The basic argument being presented here is, as far as I can tell, that killing Obamacare will at least rally the base, bringing them back to the polls just in time to recreate the energy and dedication that got elected Barack Obama in 2008. The President will go out and convince the American people that the Supreme Court slapping down Obamacare means that it’s now the Republicans’ problem to solve. That, and the judicious choosing and pushing of individually popular features of Obamacare will put the Democrats back over the top, and did you catch all the hidden assumptions that I loaded into this paragraph?

Let’s unpack ’em:

  • First: note that casual equation of ‘rally the base’ with ‘recreate the 2008 Obama voter demographic.’  Not really justified.  Obama won in 2008 because he won independents 52/44 and moderates 60/39.  This recent CNN poll suggests the problem then for the Democrats; in that poll independents oppose Obamacare 41/53, moderates only support it 52/41… and liberals only 63/26.  This means that ‘rallying the base’ is a prerequisite not for ‘winning the election,’ but rather for ‘avoiding losing the election by a catastrophic it not apocalyptic margin.’
  • Second: the President.  Convincing people.  Or anything.  This would be President Obama, right?  The joke has long been among the VRWC that one of best things that can be done to further one of our policy positions is to con Barack Obama into making a speech about it: the man has no judgement and no demonstrated ability to learn from his mistakes.  And he’s notoriously bad at convincing people to go into a direction that those people, in fact, do not wish to go.
  • Third: that because some individual features of Obamacare are popular, arguing that they’ll go away with the larger law will be a powerful driver of votes.  Because, after all, noting that stopped the Republicans from gaining 63 seats in the House and 7 in the Senate during the 2010 election cycle – no, wait, in point of fact it did not.  Largely because the assertion can be fairly easily counter-argued, and in fact will be: if an individual feature is so popular, let the legislature go back and enact it.  The true issue is the incredibly complex and disastrous-to-pernicious interrelated clauses, additions, add-ons, out-and-out bribes, and other detritus that was all swept up in one big messy pile and called Obamacare.

So… if Obamacare going down in flames isn’t good for letting Democrats win, then how will its destruction actually be good for Democrats?  Easy: its destruction will wreck the political careers of both Barack Obama and Nancy Pelosi (I wish that it’d also wreck Harry Reid’s career, but the Senate’s funny that way.  Besides, Reid’s very possibly not running for another term in 2016 anyway).  Because when you think about it; Obamacare’s pretty much the only thing that the Democrats have done that they even remotely want to talk about.  It’s not that Obamacare is great – it’s actually awful – but everything else that they’ve done has been worse.  When and if that goes away, the way that Obamacare goes away will hopefully make it clear in the process that the next Democratic Speaker of the House (and there will be one eventually, just not in 2012) should be someone who is not a San Franciscan liberal who treats the Speakership as if it was a crude, Stone Age club…

But I malign our primitive ancestors with that comparison: they worked with the best that they had.  It’s too frightening to even think that, when it comes to Democrats, so did Nancy Pelosi.

Moe Lane (crosspost)

4 thoughts on “The post-apocalyptic future of Obamacare?”

  1. It’s also going to be tough to, motivate people who have been out of work for three and half years.

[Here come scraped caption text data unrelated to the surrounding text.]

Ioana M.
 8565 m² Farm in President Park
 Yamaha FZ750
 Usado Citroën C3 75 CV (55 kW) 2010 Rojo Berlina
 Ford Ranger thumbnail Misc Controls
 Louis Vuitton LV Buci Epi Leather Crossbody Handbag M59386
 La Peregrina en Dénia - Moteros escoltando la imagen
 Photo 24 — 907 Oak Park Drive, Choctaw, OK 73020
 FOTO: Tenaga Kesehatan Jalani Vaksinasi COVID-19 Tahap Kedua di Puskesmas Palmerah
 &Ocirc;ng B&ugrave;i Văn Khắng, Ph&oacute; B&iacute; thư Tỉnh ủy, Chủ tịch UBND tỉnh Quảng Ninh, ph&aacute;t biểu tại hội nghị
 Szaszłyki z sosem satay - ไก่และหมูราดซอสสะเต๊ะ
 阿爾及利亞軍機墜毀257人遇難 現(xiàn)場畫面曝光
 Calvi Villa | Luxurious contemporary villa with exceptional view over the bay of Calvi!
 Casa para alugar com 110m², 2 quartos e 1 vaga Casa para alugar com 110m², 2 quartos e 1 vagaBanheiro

Those who voted for O’Bama won’t show up and those who voted against him will. There is still the problem of rising gas prices and that won’t convince people that O’Bama deserves another term.
    Lastly, doesn’t Carville look like he’s about to get lemon juice squirted in his face. He can say that it will be good for the D’s but his body isn’t selling it.

  2. Eh, Reid can stay as long as he wants. He ain’t that good at his job, and the longer he’s top dog for the Dems, the longer someone better is kept out of their leadership.

  3. I’m not sure, Aruges, the Dems have had a pretty impressive string of poor leadership choices. Is Debbie Wasserman Schultz really the best they’ve got? I would look for Reid to be replaced by another punchline…

  4. What’s shocking to me is just how surprised some of these commentators and legal “experts” are about this. How could they not see this coming?